# 3 point hitch wont lift



## bladerunnerkim (Aug 11, 2012)

Hi, I,m new to the forum. I have a McCormack International tractor that I recently got of my inlaws. I also got a few attatchments. I tryed to use the 3 point hitch and when I pull the lever to lift, nothing happens. I checked oil level in hydraulic tank and was low, so filled it up, but still no luck. Any help would be appreciated.


----------



## Country Boy (Mar 18, 2010)

Do you know the model of the tractor? International Harvester Company was in business in various forms for over 150 years. If you don't know the model, a picture of the tractor might help. Does your tractor have a draft control lever in addition to the raise/lower lever for the three point? Reason I ask is that on my 574, if the draft control lever is all the way up, the three point won't lower when you use the raise/lower lever.

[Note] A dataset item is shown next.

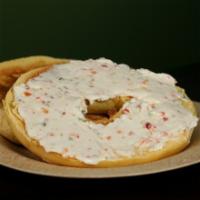 Bagel with Vegetable Cream Cheese · Toasted bagel, with side of vegetable cream cheese.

If that isn't the case, then the control valves for the three point might be bad, or the hydraulic pump could be shot. Our 574 had issues where the o-rings in the control block for the three point would fail and then the lift wouldn't work properly. Usually it would just jump when trying to lift anything, not being able to hold it steady. Have you tried using the remote hydraulic outlets (if there are any)? If you haven't, try and see if they work. If not, then the hydraulic pump is probably bad. Low oil levels can cause the pump to suck air and cavitate, damaging the pump and making it leak internally. I'd also check the hydraulic filter or screen and make sure it isn't plugged.


----------



## bladerunnerkim (Aug 11, 2012)

Hi, sorry bout that, its a B275 model. It does have the draft control lever. I will have a look at what you,ve said and give it a go. Let you know how it goes. Cheers


----------



## vjs (Dec 6, 2014)

I have a 6588 2+2 international harvester my 3 point hitch won't lower


----------